In recent weeks we have learned of the transportation challenges the COVID-19 vaccine will present, with the temperature requirements being only one of them. With the sheer massiveness of the project, many are wondering if the cold-chain will be affected.
In November, both Pfizer (and BioNTech) and Moderna reported on the efficacy of their vaccine trials and have submitted requests for authorization of emergency use. On December 9th, Canadian Health Officials authorized use of the Pfizer and BioNTech COVID-19 vaccine. The US is expected to move in the same direction.
With that being said, the race is on to get this precious cargo in the hands of providers who will administer the vaccine, likely to health care workers and the high-risk population first; but what does this mean for our cold chain?
Air & Ground Cold Chain Will Be Utilized
Moderna’s vaccine has to be shipped at -20 degrees Celsius and can be stored for up to 6 months at that temperature. Once thawed, it must be kept in a refrigerator between 2 to 8 degrees Celsius and must be administered within 30 days.
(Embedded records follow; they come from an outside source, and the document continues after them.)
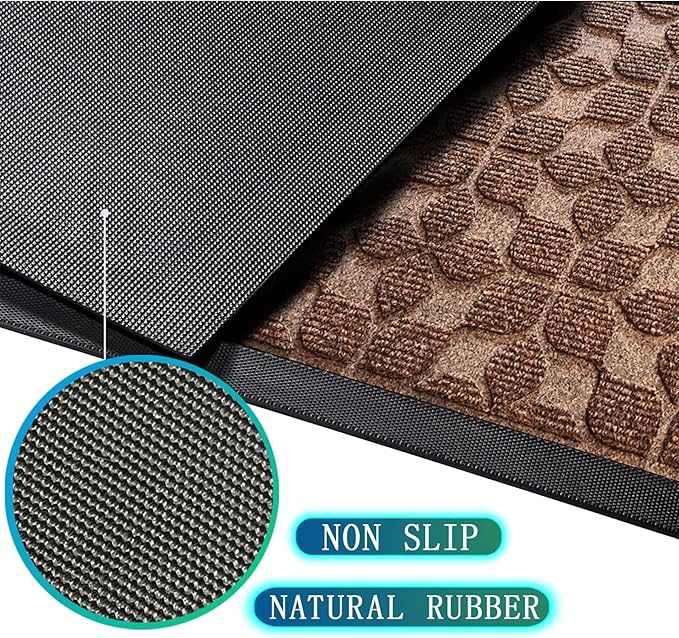 Bulijojo Sturdy Front Entrance Doormats,Durable Heavy Duty Welcome Mat,Thick Absorbent Natural Rubber Non Slip Mat,Easy Clean Entryway Mat 17"x30" Geometric Brown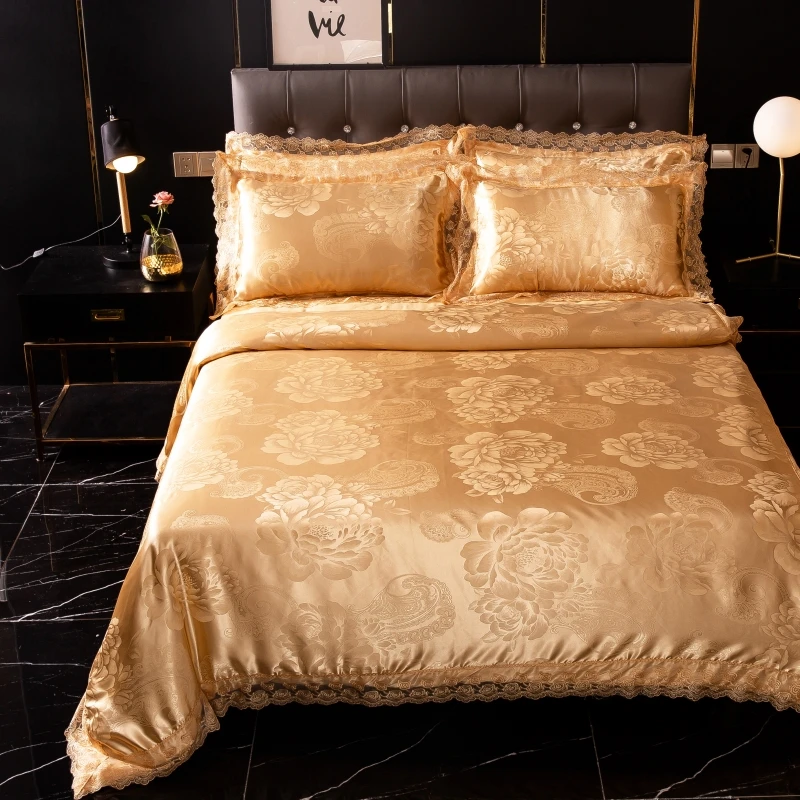 

CHICIEVE Gold European Silk Style Satin Bedding Set Quilt Cover Pillowcase A/b Double-sided Pattern High Quality Better Plaid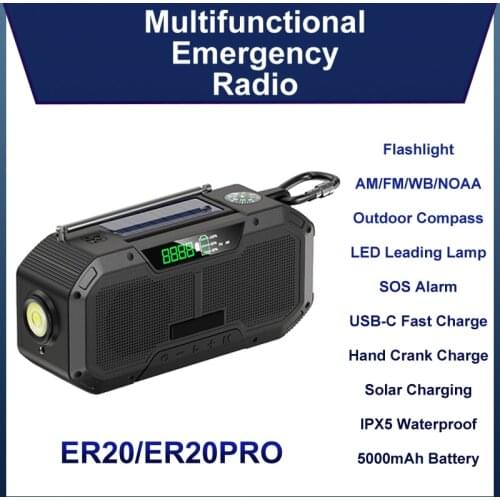 PHAONG FM/AM Radio Portable 5000mAh IPX5 Waterproof Hand Crank Solar Multifunctional Emergency Power Bank Support SOS 2021 New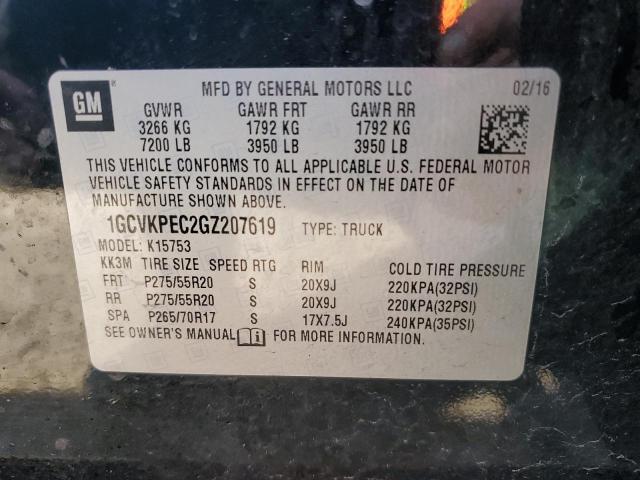 2016 Chevrolet Silverado K1500 Custom VIN: 1GCVKPEC2GZ207619 Lot: 54701804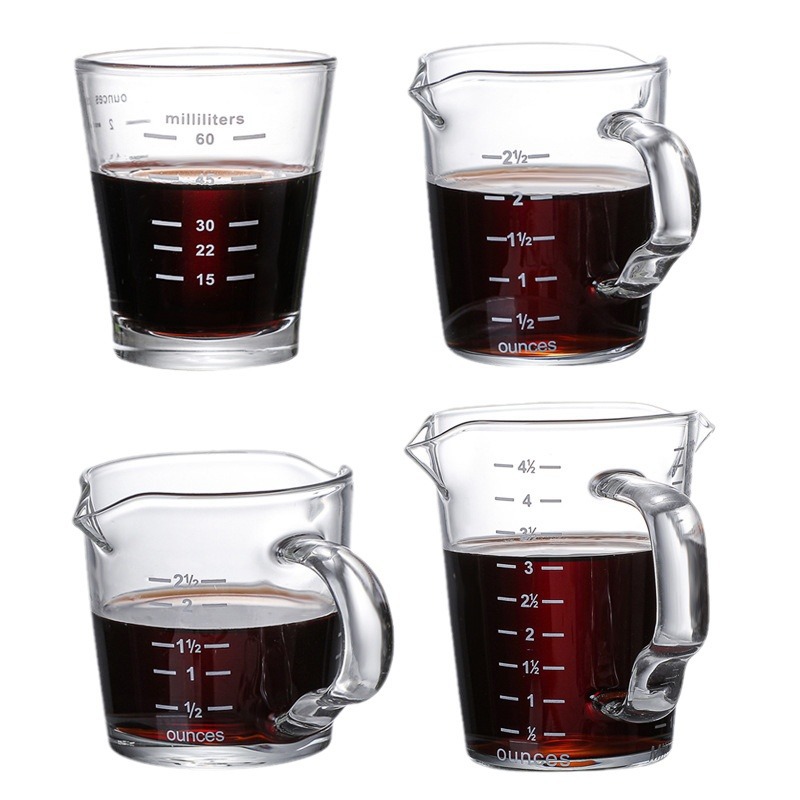Customized Coffee Cup Glass with Scale Espresso Extraction Measuring Cup Wooden Handle Milk Cup Ounce Cup Small Milk Jug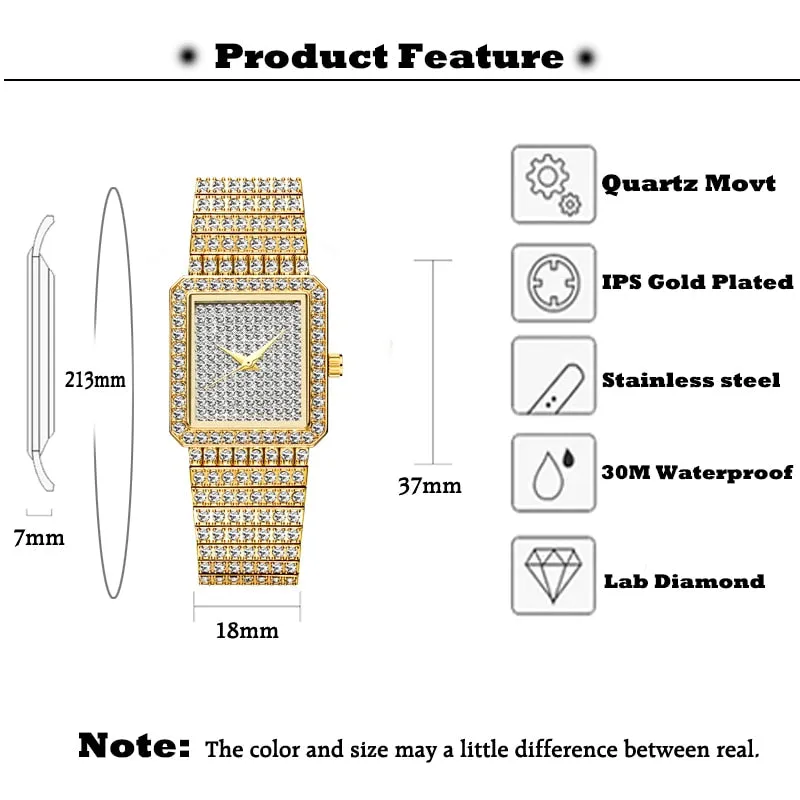 MISSFOX Diamond Watch for Women Luxury Brand Ladies Gold Square Watch
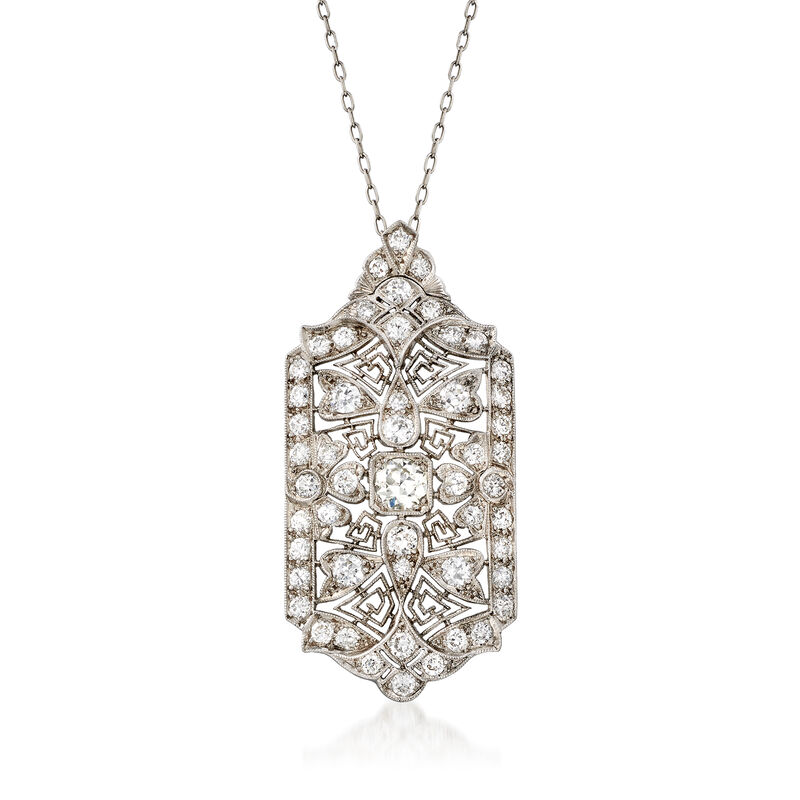 C. 1970 Vintage 2.50 ct. t.w. Diamond Filigree Pendant Necklace in Platinum image number 0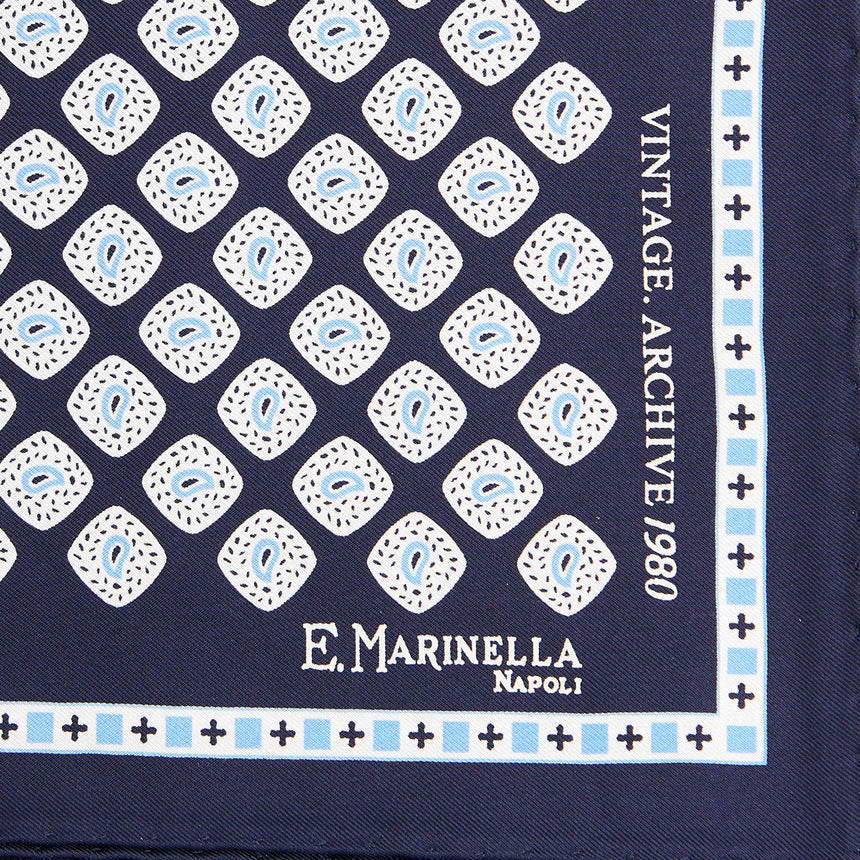 POCHETTE DA TASCHINO IN SETA STAMPATA A MANO BLU SCURO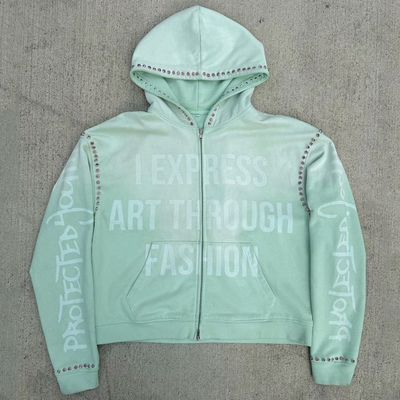 Custom Gemstone Zip Up Heavy Weight Hoodie Vintage Acid Lavado Baggy Boxy Fit Cortado Rhinestone Hoodie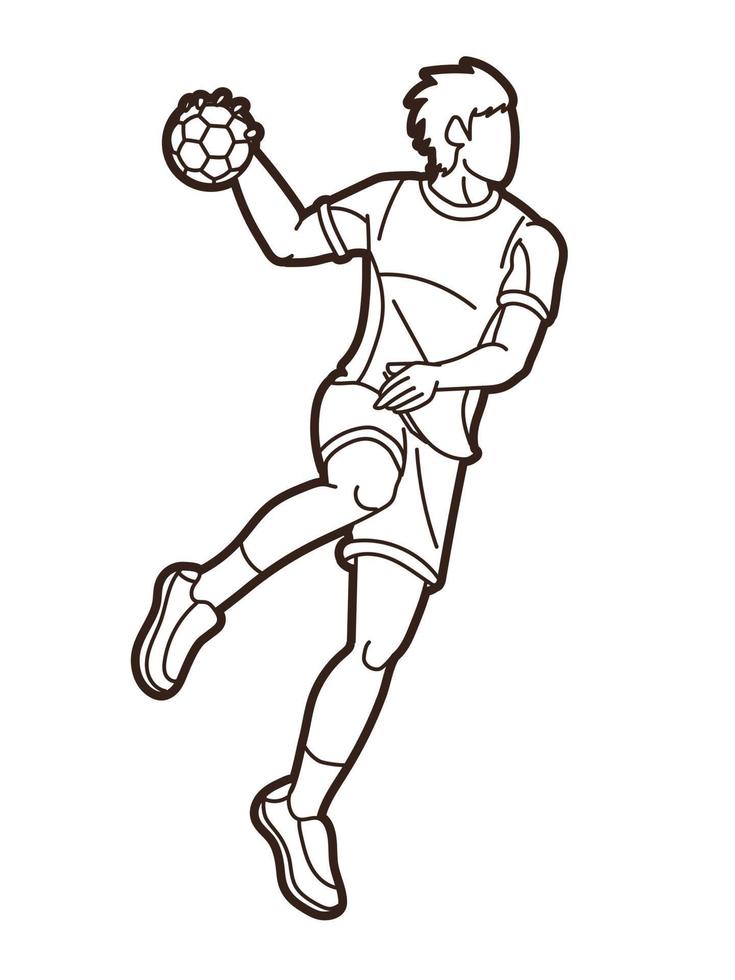 Line Handball Sport Male Player Action Graphic Vector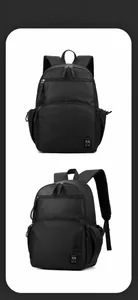 Detail view of black waterproof business backpack with breathable mesh straps and pockets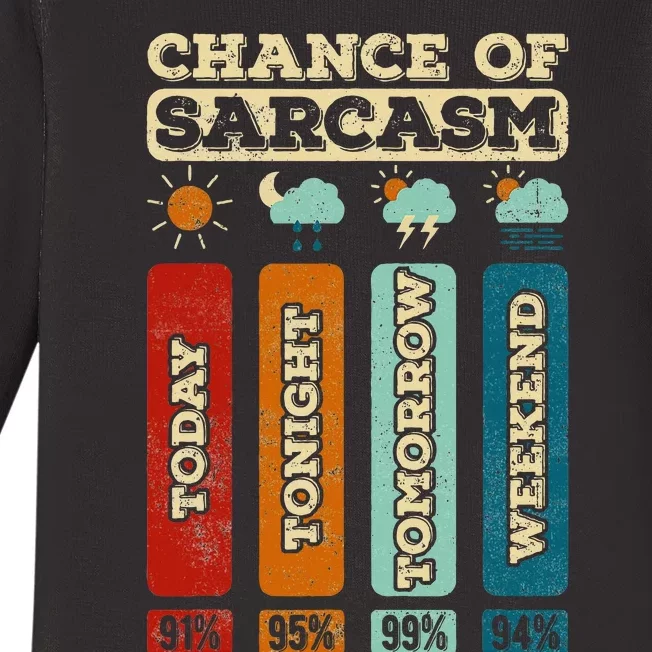 Chance Of Sarcasm Weather Funny Forecast And Meteorology Baby Long Sleeve Bodysuit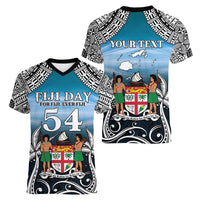 Personalised Happy 54th Fiji Day Women V-Neck T-Shirt Forever Fiji With Tapa Tribal Pattern LT05 - Polynesian Pride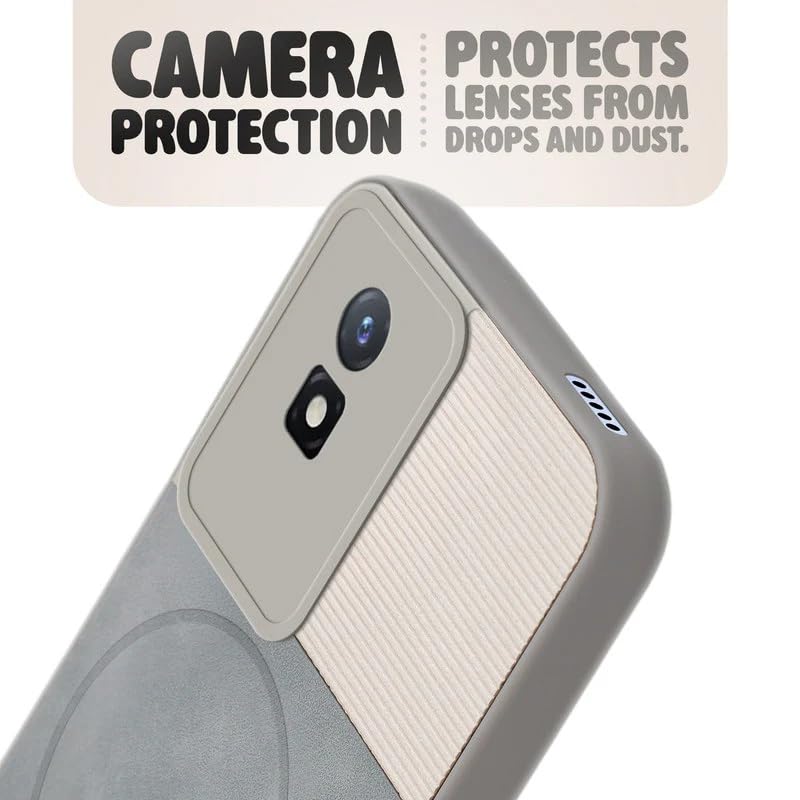 Image of Bintage case Macc-Safe Design Hard Light Weight Back Case | Soft Border Camera Protect | Dual PU Leather Finish Back Cover Compatible for Vivo Y02 / Vivo Y02T - White & Grey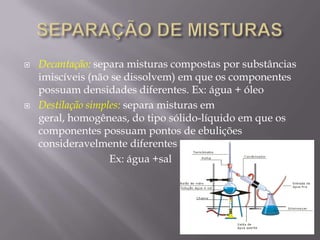 O COMPORTAMENTO ANÔMALO DA ÁGUANormalmente uma substância em sua fase sólida deve submergir (afundar) em sua fase líquida pois durante a solidificação, o volume deve diminuir e portanto, a densidade aumenta e como vimos anteriormente, a substância mais densa deve ficar na parte inferior da mistura.A água apresenta comportamento contrário e durante a solidificação (congelamento) o volume aumenta!!! O que provoca diminuição da densidade, por isso o gelo flutua na água líquida!!!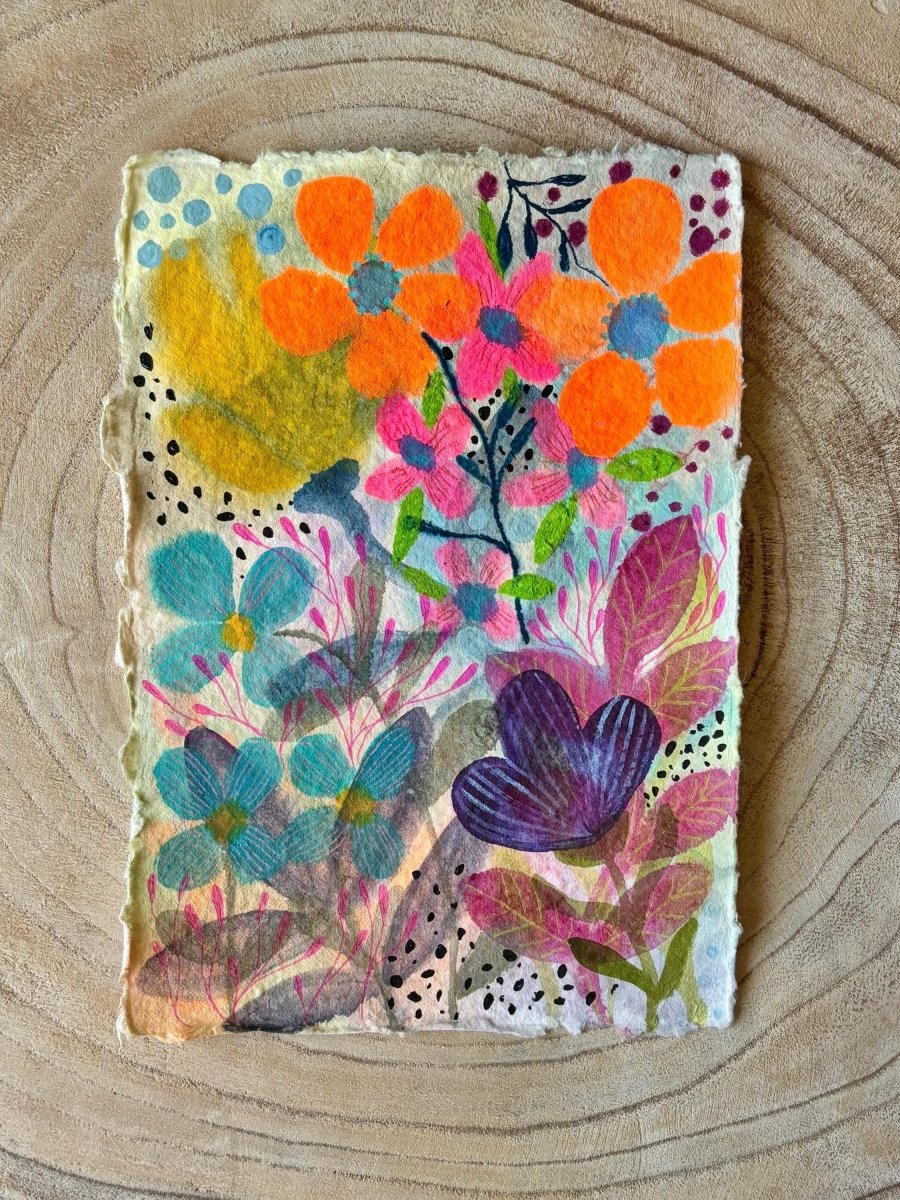 Original Floral Watercolor Painting: Handmade Cotton Paper Art (A5) - Erika's Whimsical Art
Pfizer’s vaccine presents the greatest challenge having to be shipped at a whopping -70 degrees Celsius. Once thawed and transferred to a refrigerator, it must be administered within 5 days.
Both companies are ramping up the production in anticipation of emergency use authorization and working to get the infrastructure in place for such a complex supply chain, specifically Pfizer’s vaccine with the ultralow cold chain.
The shipping of the vaccine will require a combination of air and ground transport, using a modern-day hub and spoke system. Mass quantities will be shipped via air to large distribution centers and loaded on trucks and/or couriers to deliver to other smaller distribution centers and administration sites.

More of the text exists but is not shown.